紫のバス 某病院にて(千葉県) | コワイハナシ47

紫のバス 某病院にて(千葉県)

Kさんは子供の頃から霊が見えていた。生まれつき見えていたので、最初は誰にでも見えるものだと思い込んでいた。

友達の家に遊びに行った時、おばあちゃんがいた。「こんにちは」と挨拶したのだが、友達が妙な顔をする。

「誰に挨拶したの?」

訝しむ友人におばあちゃんの話をしたところ、友人は驚いたような顔をしてこう答えた。

「おばあちゃんは、死んじゃったよ」

そのうち「お化けが見える」と証言すると、興味本位で友人に「見てくれ」と言われるため「見える!」とは言わなくなった。
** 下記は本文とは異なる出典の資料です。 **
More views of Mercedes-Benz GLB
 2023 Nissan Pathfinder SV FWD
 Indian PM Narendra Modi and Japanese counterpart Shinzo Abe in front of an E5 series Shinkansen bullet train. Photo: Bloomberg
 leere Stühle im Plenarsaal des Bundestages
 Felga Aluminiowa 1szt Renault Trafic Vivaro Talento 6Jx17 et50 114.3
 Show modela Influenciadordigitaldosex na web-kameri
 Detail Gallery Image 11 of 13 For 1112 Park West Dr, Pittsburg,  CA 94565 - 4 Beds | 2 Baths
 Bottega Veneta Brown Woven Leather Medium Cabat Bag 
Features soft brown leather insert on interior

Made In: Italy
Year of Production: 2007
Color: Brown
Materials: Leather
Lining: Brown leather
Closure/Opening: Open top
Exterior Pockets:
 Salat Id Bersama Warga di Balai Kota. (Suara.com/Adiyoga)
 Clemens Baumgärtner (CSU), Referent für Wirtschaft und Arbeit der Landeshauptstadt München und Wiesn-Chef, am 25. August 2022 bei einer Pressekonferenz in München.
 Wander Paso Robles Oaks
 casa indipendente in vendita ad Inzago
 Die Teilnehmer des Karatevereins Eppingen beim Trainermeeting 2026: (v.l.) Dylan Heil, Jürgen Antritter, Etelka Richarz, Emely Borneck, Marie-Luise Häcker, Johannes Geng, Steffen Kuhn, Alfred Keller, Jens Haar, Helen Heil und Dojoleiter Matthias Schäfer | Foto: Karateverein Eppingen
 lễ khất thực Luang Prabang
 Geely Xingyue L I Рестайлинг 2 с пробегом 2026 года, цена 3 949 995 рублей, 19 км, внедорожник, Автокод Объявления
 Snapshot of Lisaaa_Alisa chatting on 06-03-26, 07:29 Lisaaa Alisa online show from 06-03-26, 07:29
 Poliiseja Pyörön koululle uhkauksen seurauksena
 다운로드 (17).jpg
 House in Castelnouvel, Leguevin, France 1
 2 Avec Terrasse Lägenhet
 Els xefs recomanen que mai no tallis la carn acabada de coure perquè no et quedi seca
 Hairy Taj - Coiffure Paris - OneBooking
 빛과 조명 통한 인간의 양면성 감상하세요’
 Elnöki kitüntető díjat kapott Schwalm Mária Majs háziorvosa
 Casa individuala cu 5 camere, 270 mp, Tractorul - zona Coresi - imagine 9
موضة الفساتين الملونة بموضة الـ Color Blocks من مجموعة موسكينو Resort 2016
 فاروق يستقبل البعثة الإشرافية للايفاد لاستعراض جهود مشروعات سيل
彼女は十年ほど前から千葉県の房総にある某病院で働いている。人が生き死にする場所だけあって不可解な事はたまにある。

「あの部屋、幽霊が出るんだよね」

そう言って関係者が休む部屋にお札を五枚も貼っていた医者がいた。しかし、Kさんが見るかぎり部屋に幽霊がついているのではなく、その医者に幽霊がついていたのだ。

「お札を貼っても無駄なのに……」

彼女はそう思った。

また、こんなこともあった。ある時、あまり見たことがないおじいさんが病院の廊下で呆然としていた。そのおじいさんはKさんの方を見ながら、こんなふうに訊ねてきた。

「ここはいったいどこなんですか?」

昼間に緊急搬送されてきたおじいさんだった。自分が亡くなった事に気がついてないのだ。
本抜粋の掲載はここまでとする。